+++ RECORDS TO USE +++

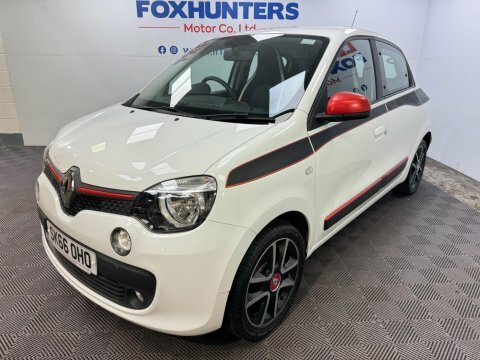 Renault Twingo 0.9 Tce Energy SK66OHO White #4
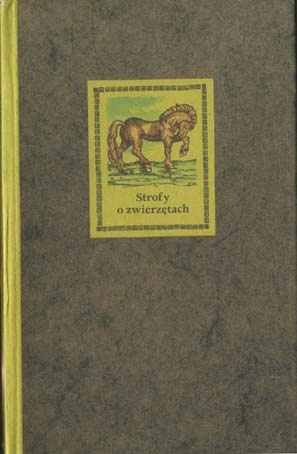 Strofy o zwierzętach - Robert Stiller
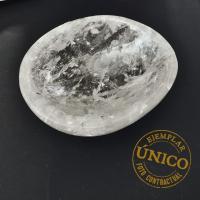 Bol de Cristal de Roca pulido (730grs)
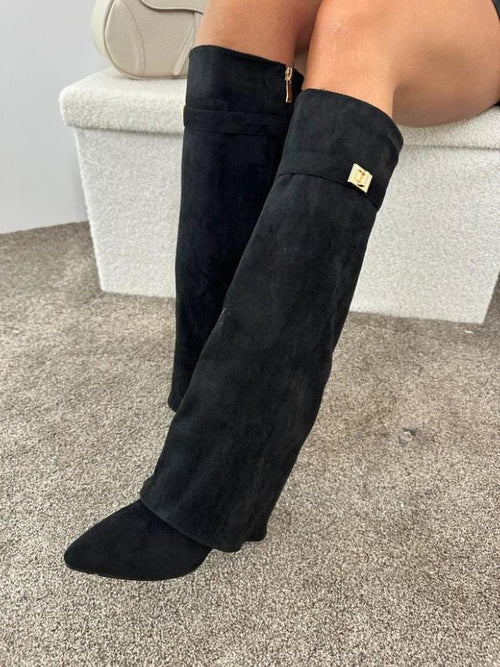 Shark Boots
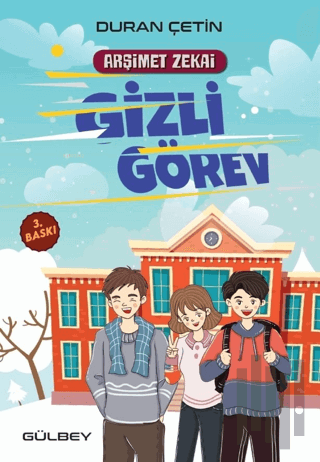 Arşimet Zekai - Gizli Görev | Kitap Ambarı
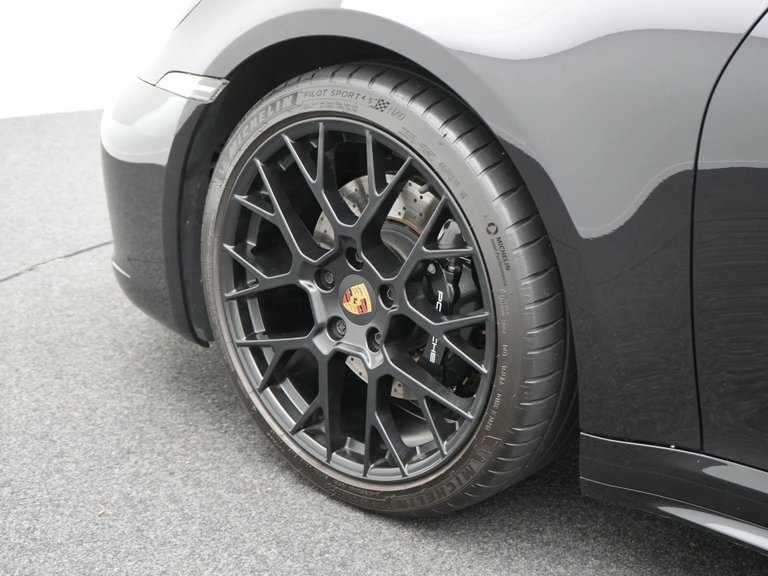 Porsche 992 Targa 4S
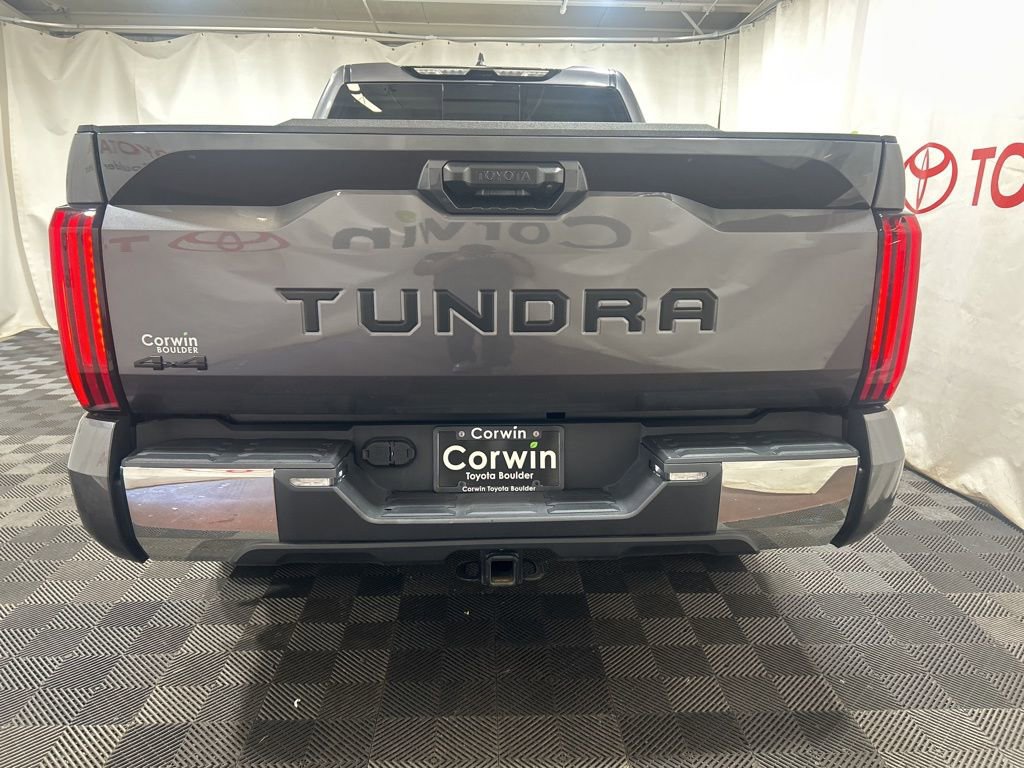 Used 2024 Toyota Tundra SR5 w/ TRD Off-Road Package image 7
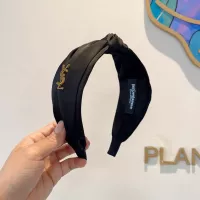 Cheap Yves Saint Laurent YSL Headband For Women #1332246 Replica Wholesale [$27.00 USD] [ITEM#1332246] on Replica Yves Saint Laurent YSL Headband
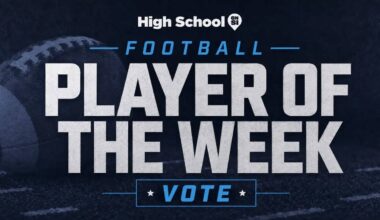 Vote: Who Was the Pennsylvania High School Football Player of the Week? (Sept. 7-12)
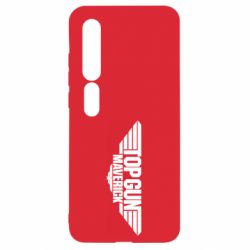 Чохол для Xiaomi Mi10 / 10 Pro Top Gun Maverik - PrintSalon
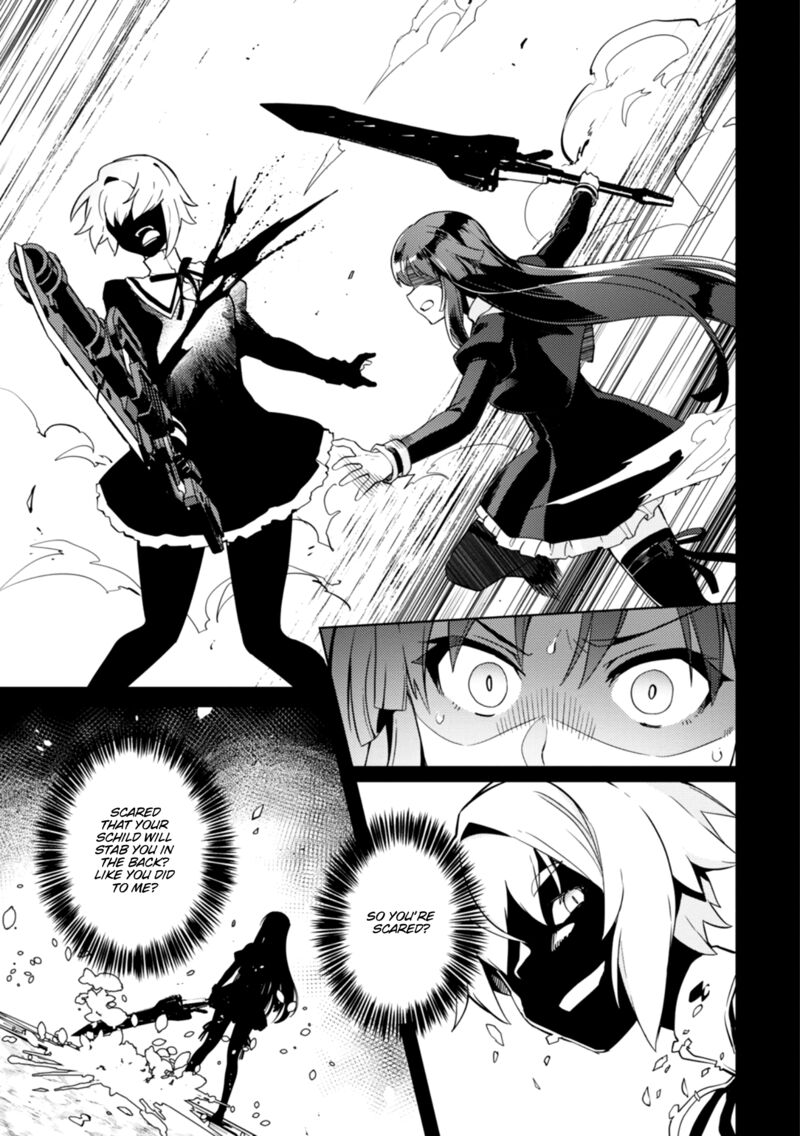 Assault Lily League Of Gardens Full Bloom Chapter 9 Page 7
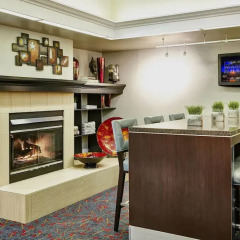 Отель Residence Inn by Marriott Las Vegas Convention Center интерьер отеля фото 2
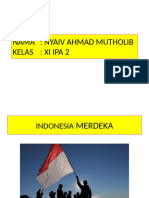 Sejindo Nyaiv Ahmad Mutholib Xi Ipa 2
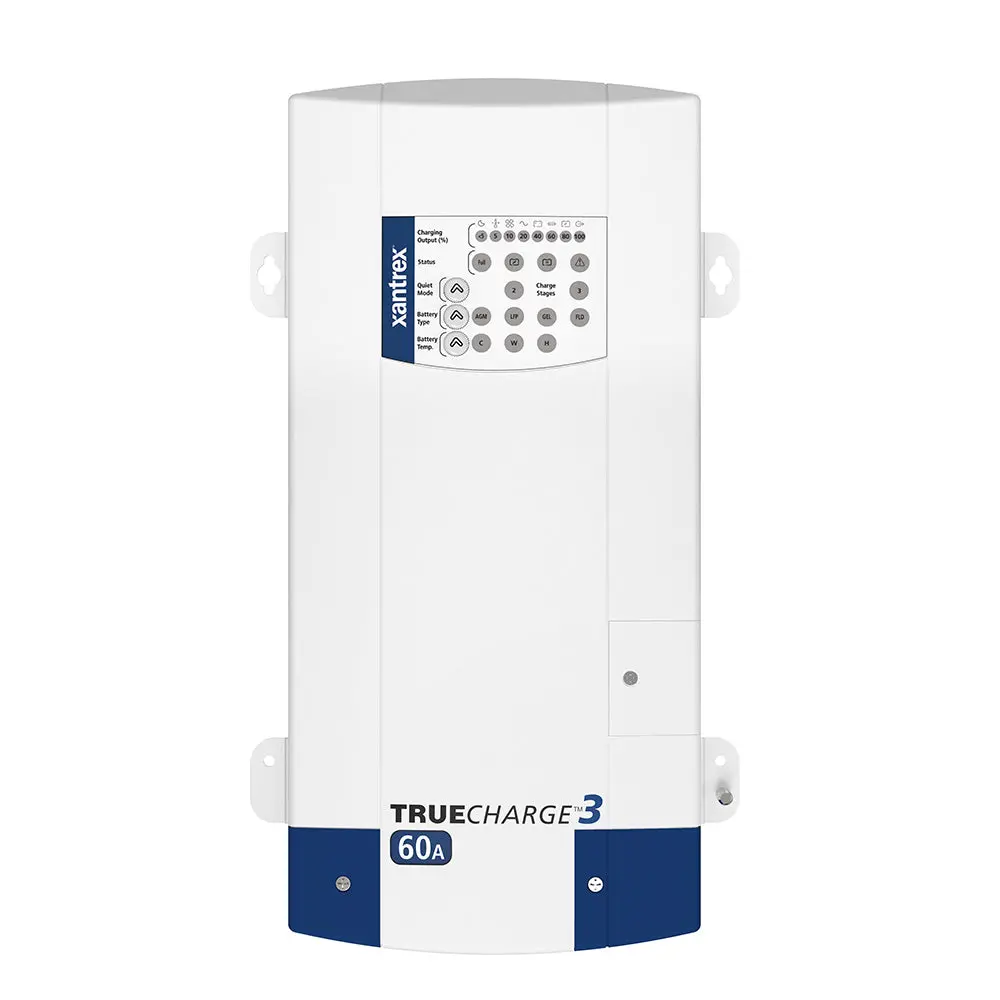 Xantrex Truecharge3 60A 3 Bank Battery Charger - 12V [804-1260-10] 1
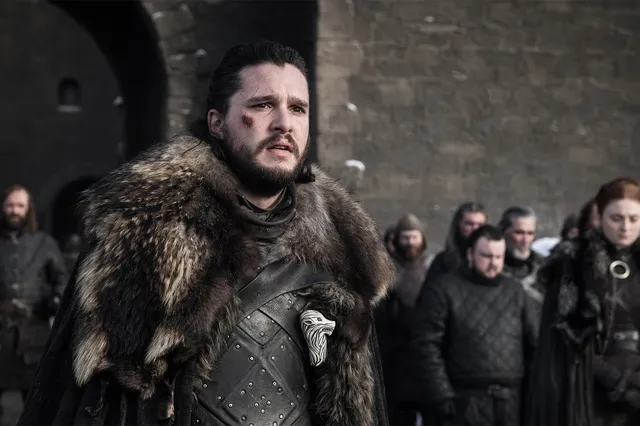 'Game of Thrones'-spin-off over Jon Snow krijgt een hoopvolle update van HBO-baas Casey Bloys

+++

__EXERCISE DIRECTIONS__: No pictures should appear in the copy, which holds exactly the lines from the first line of the data through the line with "Vote: Who Was" and nothing else.

__RESPONSE__:
 Renault Twingo 0.9 Tce Energy SK66OHO White #4
 Strofy o zwierzętach - Robert Stiller
 Bol de Cristal de Roca pulido (730grs)
 Shark Boots
 Arşimet Zekai - Gizli Görev | Kitap Ambarı
 Porsche 992 Targa 4S
 Used 2024 Toyota Tundra SR5 w/ TRD Off-Road Package image 7
 Cheap Yves Saint Laurent YSL Headband For Women #1332246 Replica Wholesale [$27.00 USD] [ITEM#1332246] on Replica Yves Saint Laurent YSL Headband
 Vote: Who Was the Pennsylvania High School Football Player of the Week? (Sept. 7-12)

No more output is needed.